*SUPPLIED INFORMATION*:
□ □ □ □ □ □ □
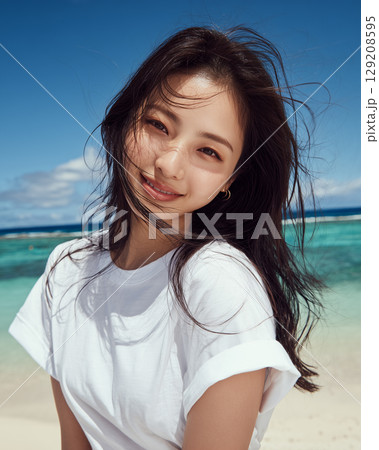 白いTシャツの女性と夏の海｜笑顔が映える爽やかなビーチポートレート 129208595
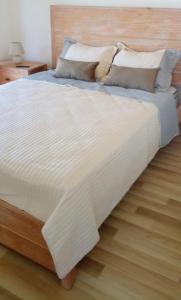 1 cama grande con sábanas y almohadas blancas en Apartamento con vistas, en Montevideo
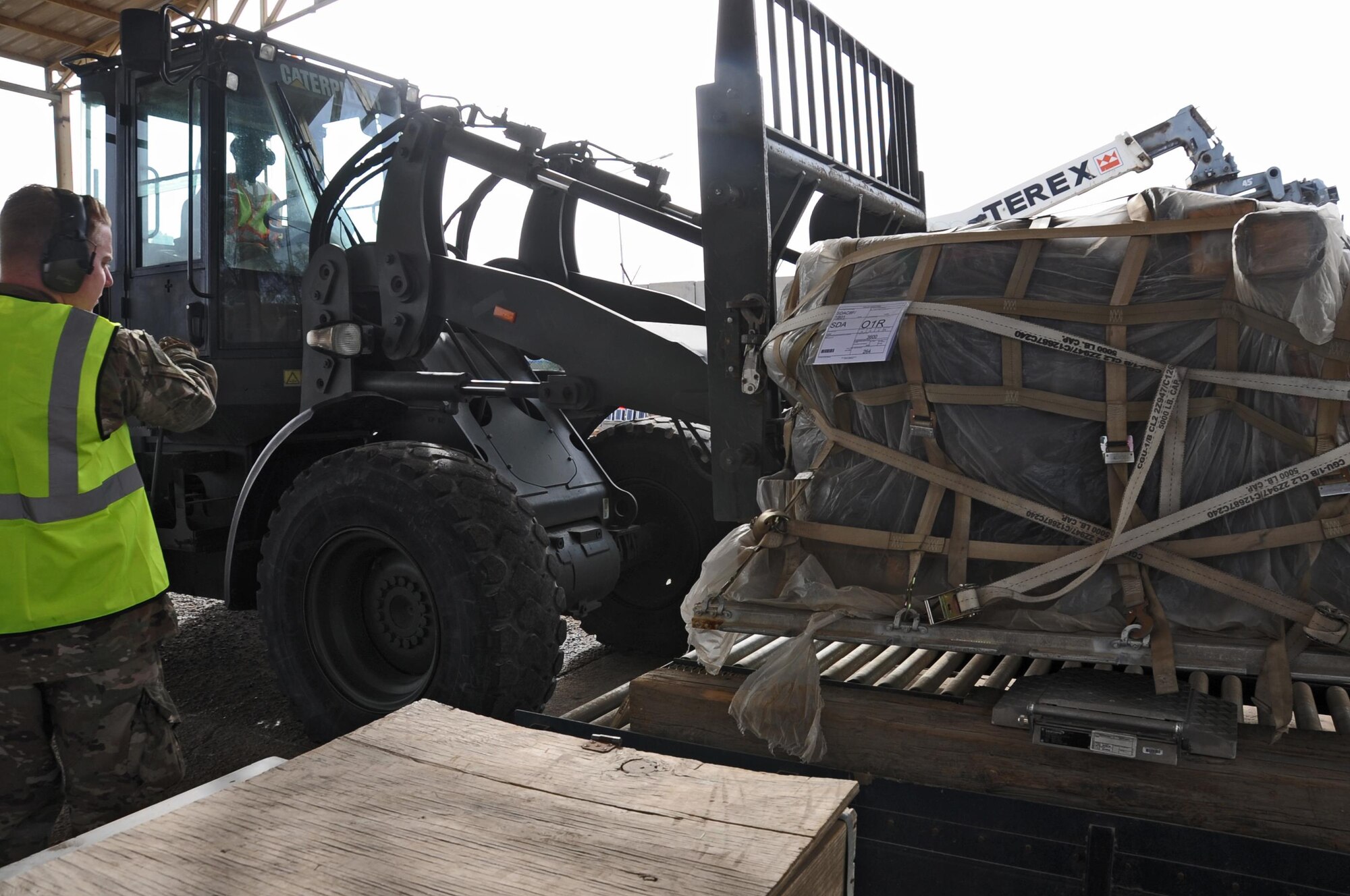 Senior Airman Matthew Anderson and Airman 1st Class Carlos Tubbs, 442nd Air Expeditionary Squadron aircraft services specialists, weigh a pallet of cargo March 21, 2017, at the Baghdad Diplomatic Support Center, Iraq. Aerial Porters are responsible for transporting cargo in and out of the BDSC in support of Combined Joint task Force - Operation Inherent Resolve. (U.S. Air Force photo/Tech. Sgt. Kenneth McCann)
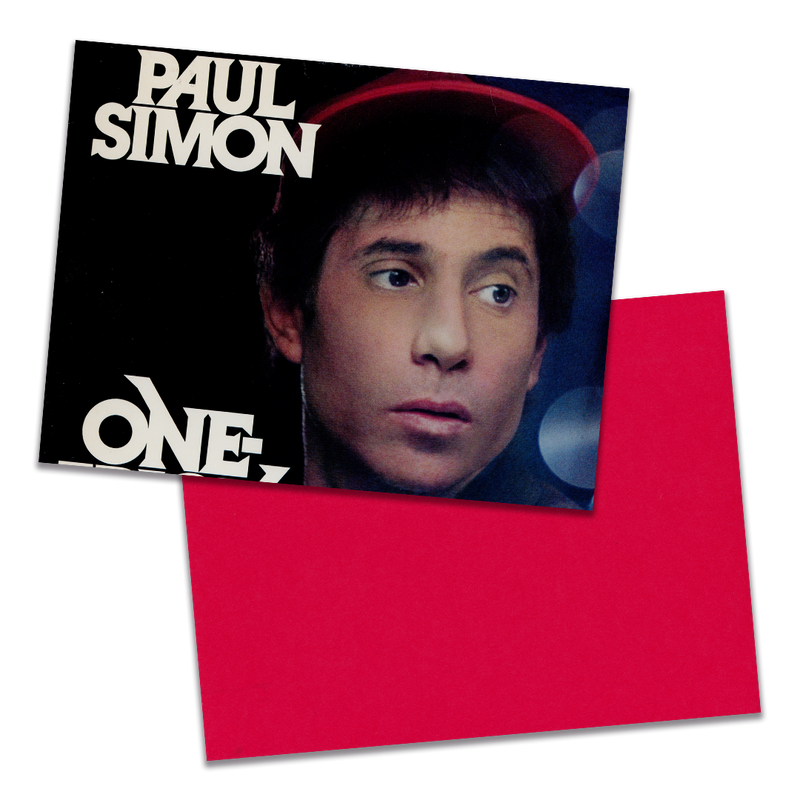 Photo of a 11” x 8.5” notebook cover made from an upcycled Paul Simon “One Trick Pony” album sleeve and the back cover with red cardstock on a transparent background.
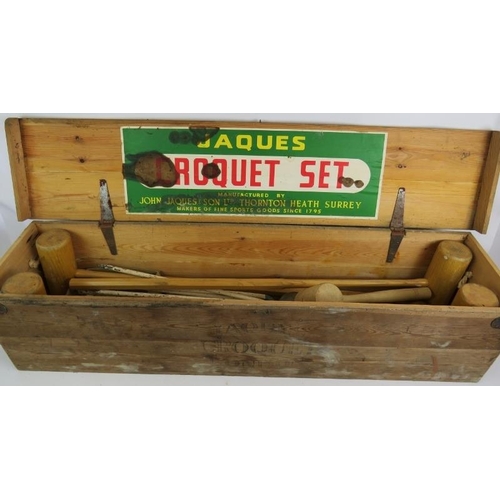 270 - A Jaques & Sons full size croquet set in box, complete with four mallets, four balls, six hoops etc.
□ □ □ □ □ □ □
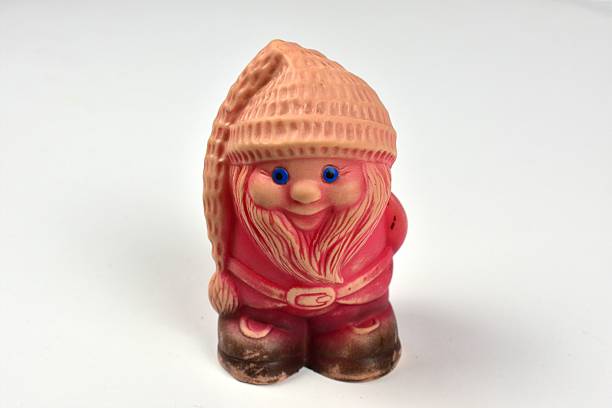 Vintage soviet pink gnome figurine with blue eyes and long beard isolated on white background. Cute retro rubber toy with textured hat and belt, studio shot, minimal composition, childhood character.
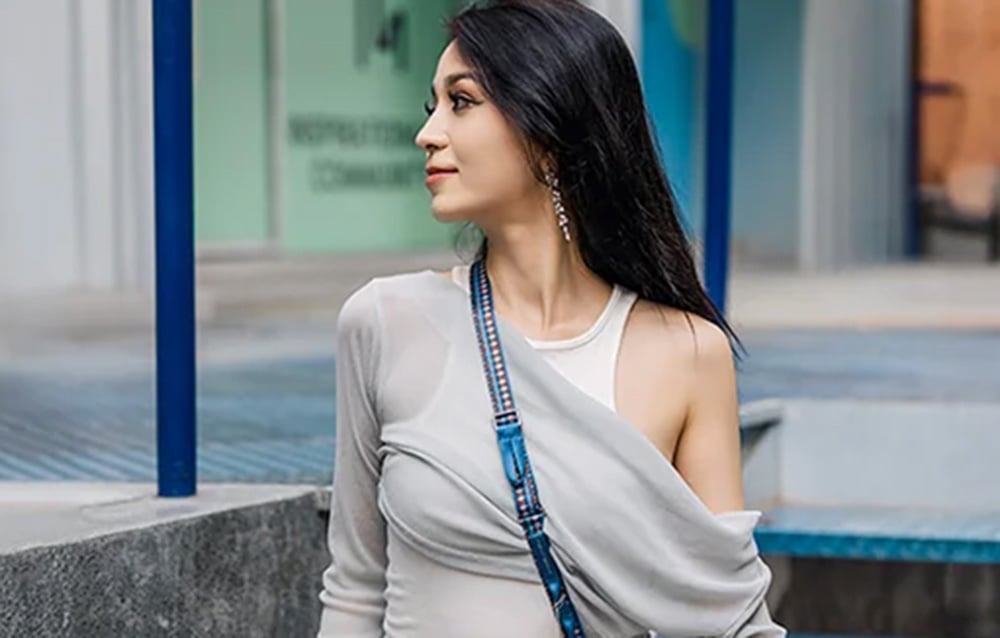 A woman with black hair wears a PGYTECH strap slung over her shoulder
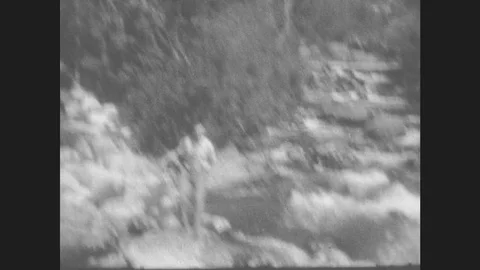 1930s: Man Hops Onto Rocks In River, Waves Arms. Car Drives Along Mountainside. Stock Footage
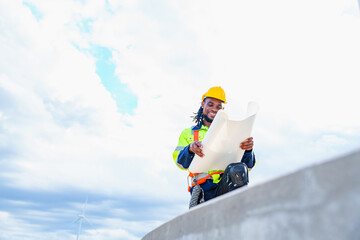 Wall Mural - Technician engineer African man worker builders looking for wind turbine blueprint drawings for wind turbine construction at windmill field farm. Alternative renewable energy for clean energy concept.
□ □ □ □ □ □ □
*TASK TO COMPLETE*: From the line containing "白いTシャツの女性と夏の海｜" through the line containing "270 - A Jaques", copy every line above exactly, without pictures.

*SOLUTION FOR THIS EXERCISE*:
 白いTシャツの女性と夏の海｜笑顔が映える爽やかなビーチポートレート 129208595
 1 cama grande con sábanas y almohadas blancas en Apartamento con vistas, en Montevideo
 Senior Airman Matthew Anderson and Airman 1st Class Carlos Tubbs, 442nd Air Expeditionary Squadron aircraft services specialists, weigh a pallet of cargo March 21, 2017, at the Baghdad Diplomatic Support Center, Iraq. Aerial Porters are responsible for transporting cargo in and out of the BDSC in support of Combined Joint task Force - Operation Inherent Resolve. (U.S. Air Force photo/Tech. Sgt. Kenneth McCann)
 Photo of a 11” x 8.5” notebook cover made from an upcycled Paul Simon “One Trick Pony” album sleeve and the back cover with red cardstock on a transparent background.
 270 - A Jaques & Sons full size croquet set in box, complete with four mallets, four balls, six hoops etc.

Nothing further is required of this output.